**Exercise data**
::::::
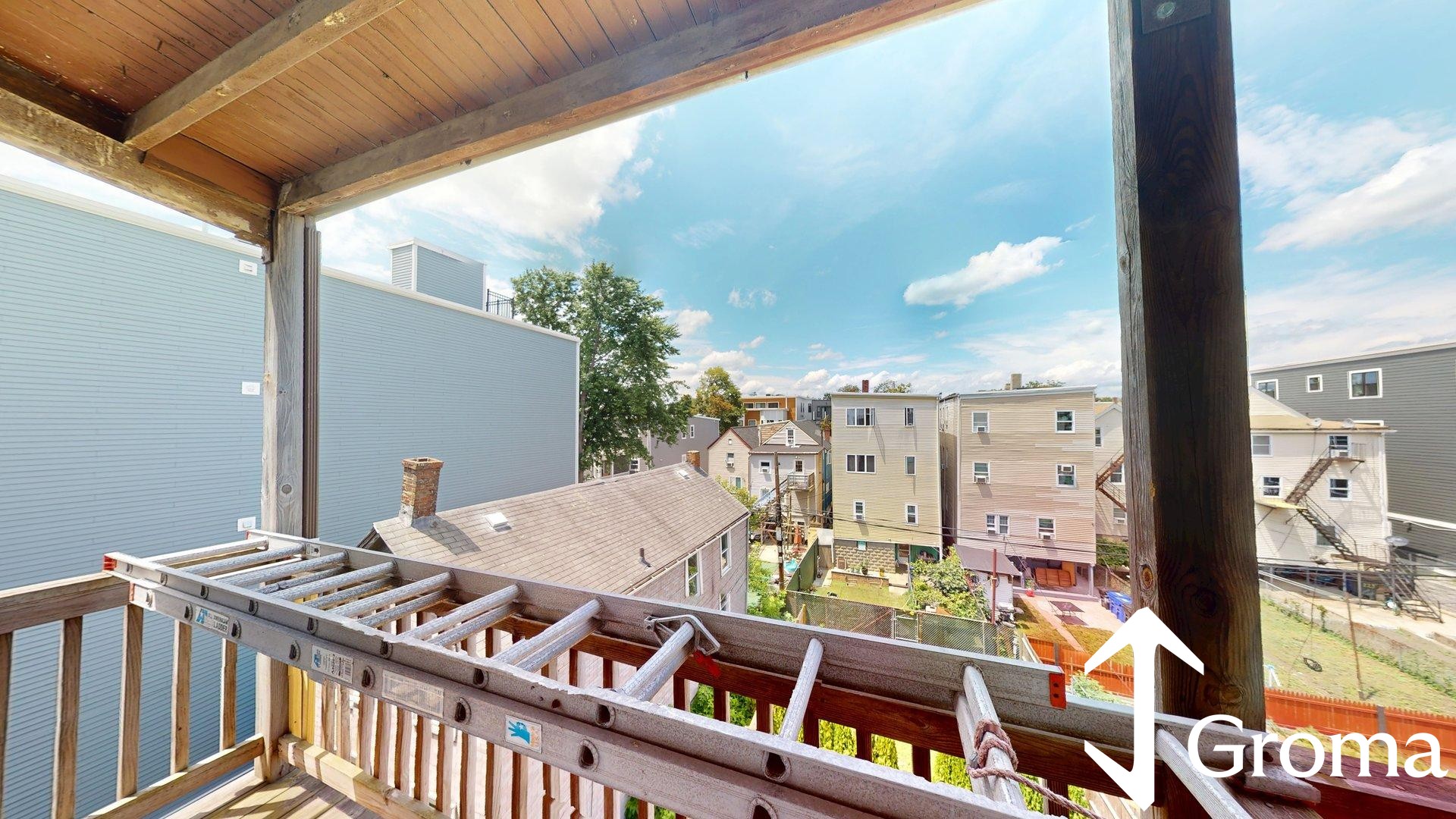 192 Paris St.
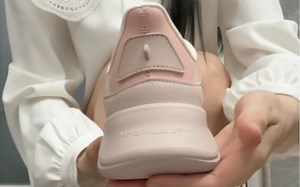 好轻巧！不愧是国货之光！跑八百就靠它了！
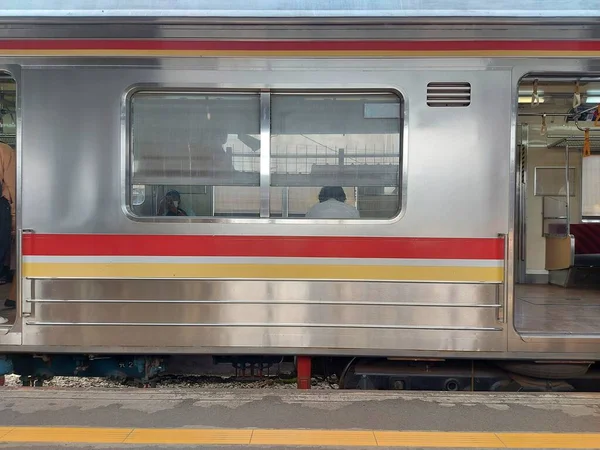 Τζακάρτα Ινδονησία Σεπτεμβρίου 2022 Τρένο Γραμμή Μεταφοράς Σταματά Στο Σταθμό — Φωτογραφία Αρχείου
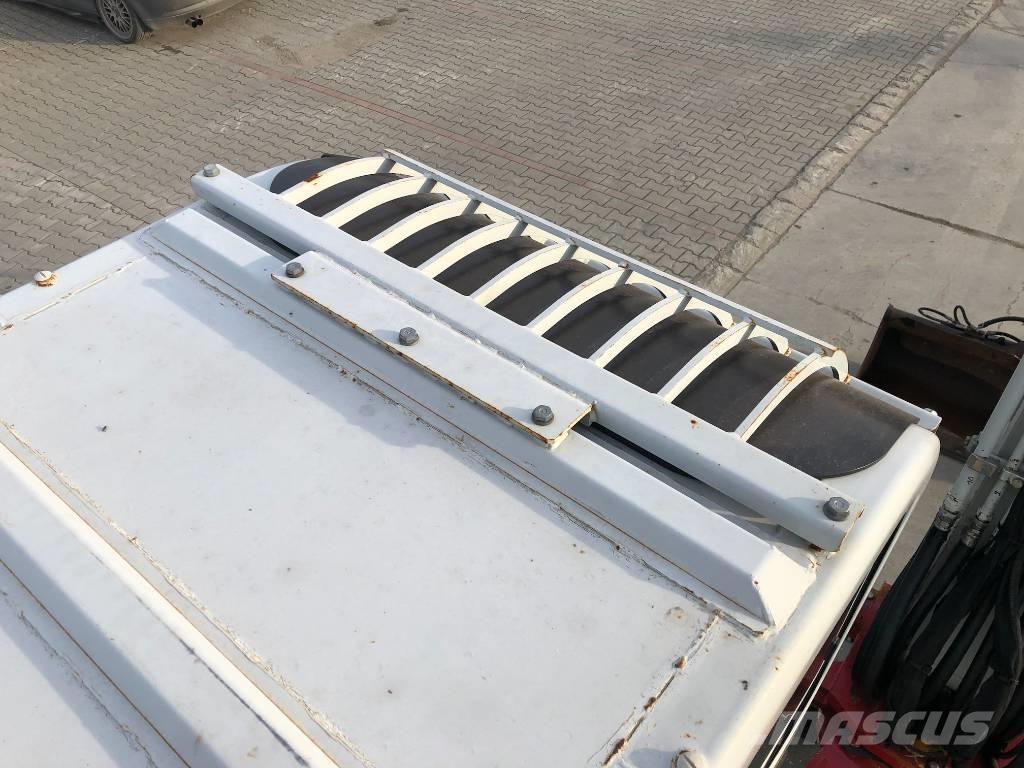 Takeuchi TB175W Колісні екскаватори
::::::
**Action item**
The entire listing above, minus its pictures, should be copied out exactly.

**Exercise response**
 192 Paris St.
 好轻巧！不愧是国货之光！跑八百就靠它了！
 Τζακάρτα Ινδονησία Σεπτεμβρίου 2022 Τρένο Γραμμή Μεταφοράς Σταματά Στο Σταθμό — Φωτογραφία Αρχείου
 Takeuchi TB175W Колісні екскаватори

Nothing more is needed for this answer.